Rust Sitter generates grammars solely to be used by the corresponding Rust bindings. But the grammar definition generated under the hood can be useful for other purposes, such as performing syntax highlighting in an editor. In the future, we hope to add APIs to Rust Sitter that allow users to annotate the grammar with rich metadata such as color highlighting rules, which can then be included when exporting the grammar for external use.

Try it Out!

Rust Sitter is available on crates.io today! You can check out (and contribute to) the Rust Sitter repository on GitHub. Rust Sitter is still in the early stages of development, so please let us know if you run into roadblocks or have ideas for new features!

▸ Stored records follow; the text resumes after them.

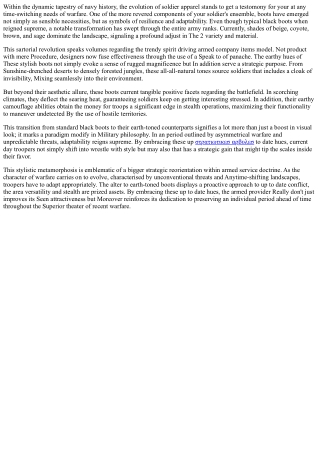 The Earthly Evolution of Military Footwear: A Colorful History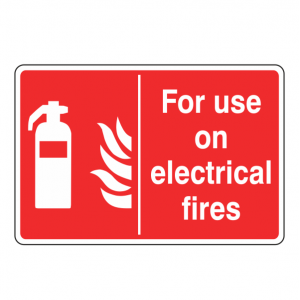 For Use on Electrical Fires Sign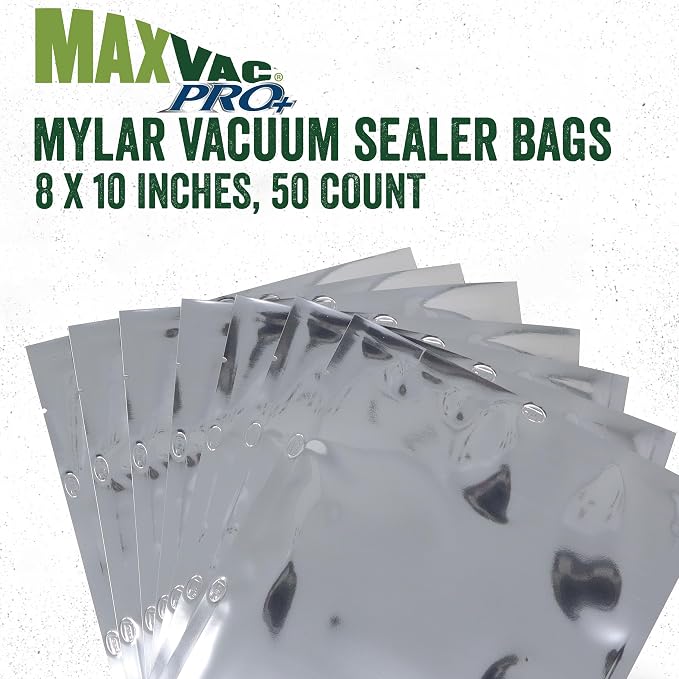 LEM Products MaxVac Pro Mylar Vacuum Sealer Bags, 8" x 10", 50 Count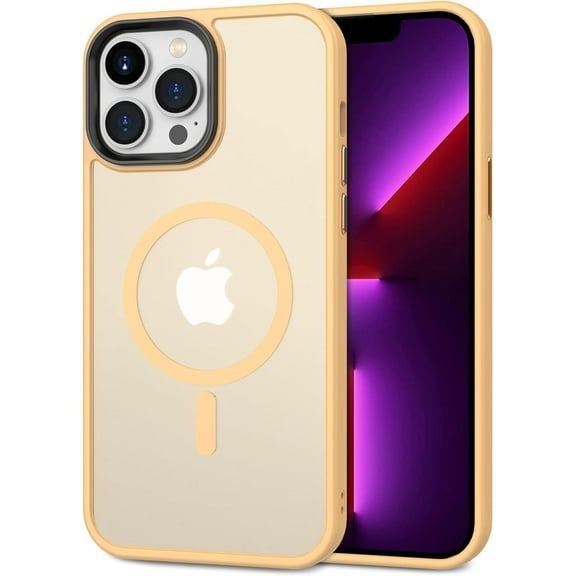 Case for iPhone 13 Pro Max 6.7 inch-Compatible with MagSafe &  Car Phone Mount,Anti-Fingerprint TPU Thin Phone Cases Cover Protective Shockproof (Orange Yellow)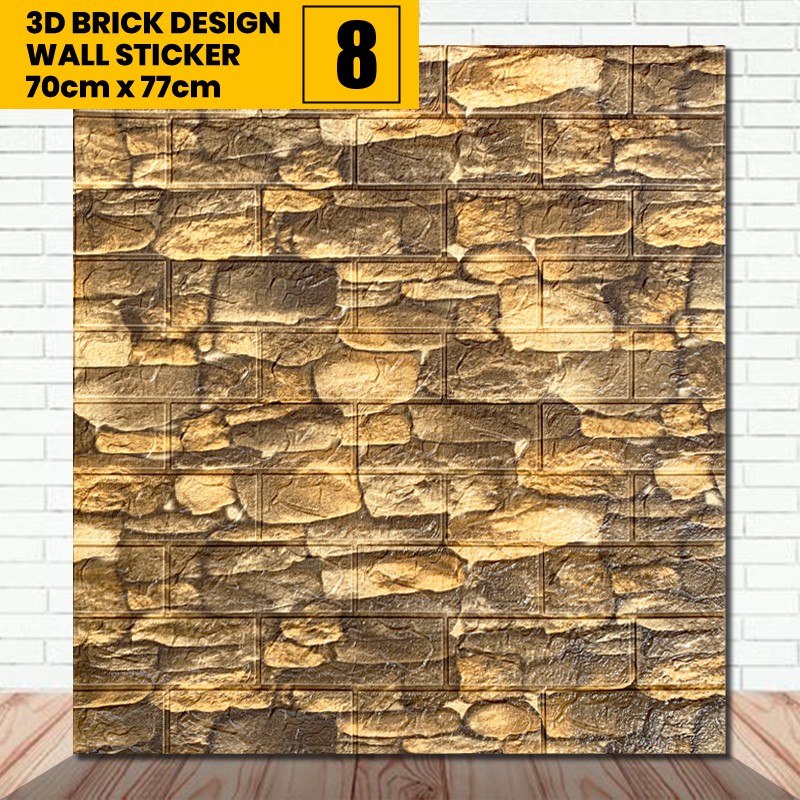 3D BRICK DESIGN WALL STICKER 70X77CM KALIS AIR 3D PE FOAM TILE WALL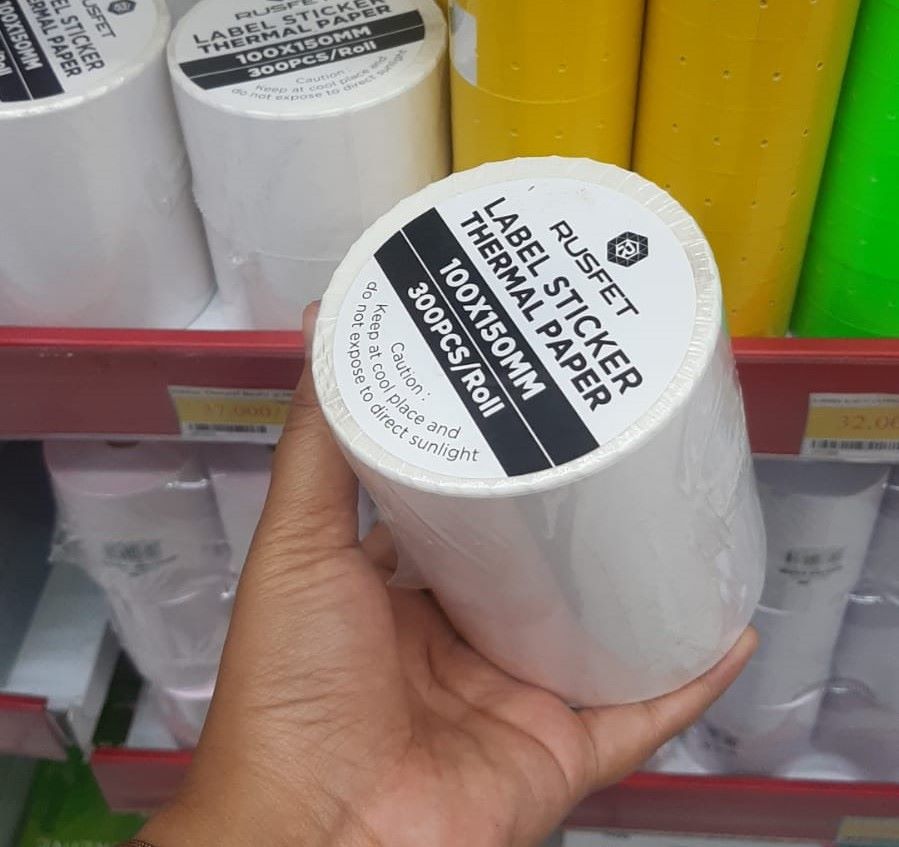 Kertas Sticker Rusfet Stiker Thermal Label Barcode Resi 100x150mm Isi 300Pcs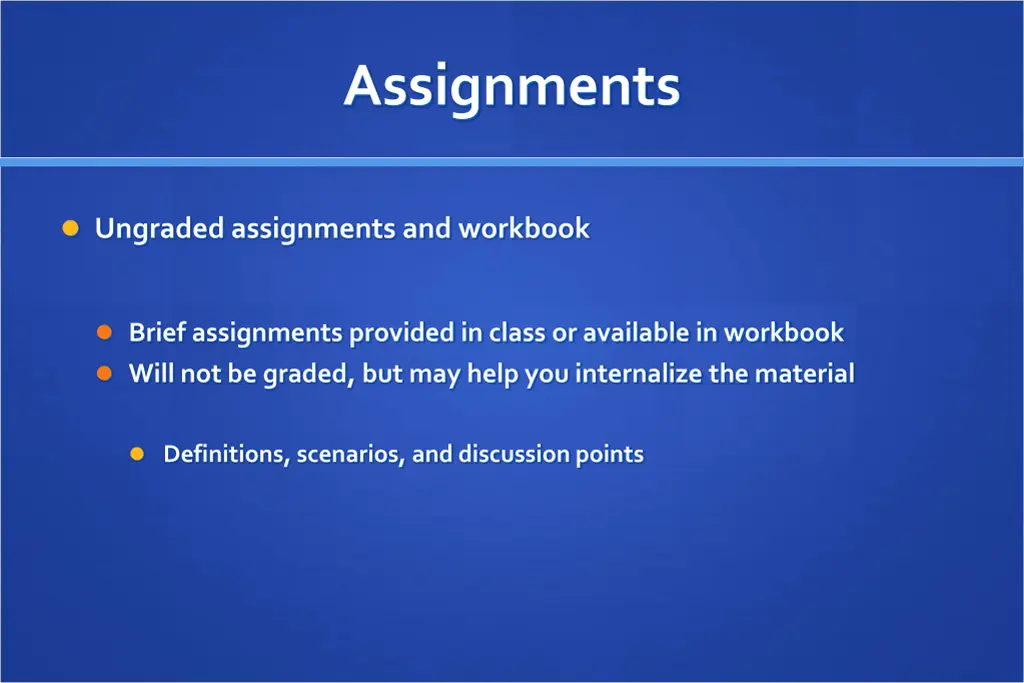 assignments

Thanks to Joe Hellerstein, Audrey Cheng, and Ramnivas Laddad for feedback on this post!

Footnotes

  1. Sufficiently difficult to be an entire project in the Berkeley compilers class. Students almost never manage to pass all the correctness tests.

  2. Which unfortunately many modern languages like Rust itself have had to end up doing.

  3. Specifically, Tree Sitter uses the GLR algorithm, which means that it uses similar high-level concepts as the LR(1) parsing algorithm while supporting a wider range of languages. This property makes it much easier to debug grammar conflicts, since they are presented in familiar forms such as shift/reduce.

  4. Which itself is written in Rust! This might be a useful property 👀

  5. This is precisely the difference between an Abstract Syntax Tree and a Concrete Syntax Tree! Rust Sitter grammars parse into something in between, since we support lossy extraction of fields into a () type which means that we can't necessarily convert nodes back into the original string.

  6. This actually ends up being a bit more complicated since Tree Sitter includes extra nodes (for whitespace) as siblings of the repeated elements (as it is emitting a CST). So we have to use "fields" to mark the children we want to extract.

  7. "Immediately Invoked Function Expression", a term from the JavaScript community where such patterns used to be quite common as a way to create new scopes.

  8. This actually will be possible in the near-ish future, as part of the existential type RFC. You can already use impl Trait for variable types with impl_trait_in_bindings in nightly toolchains.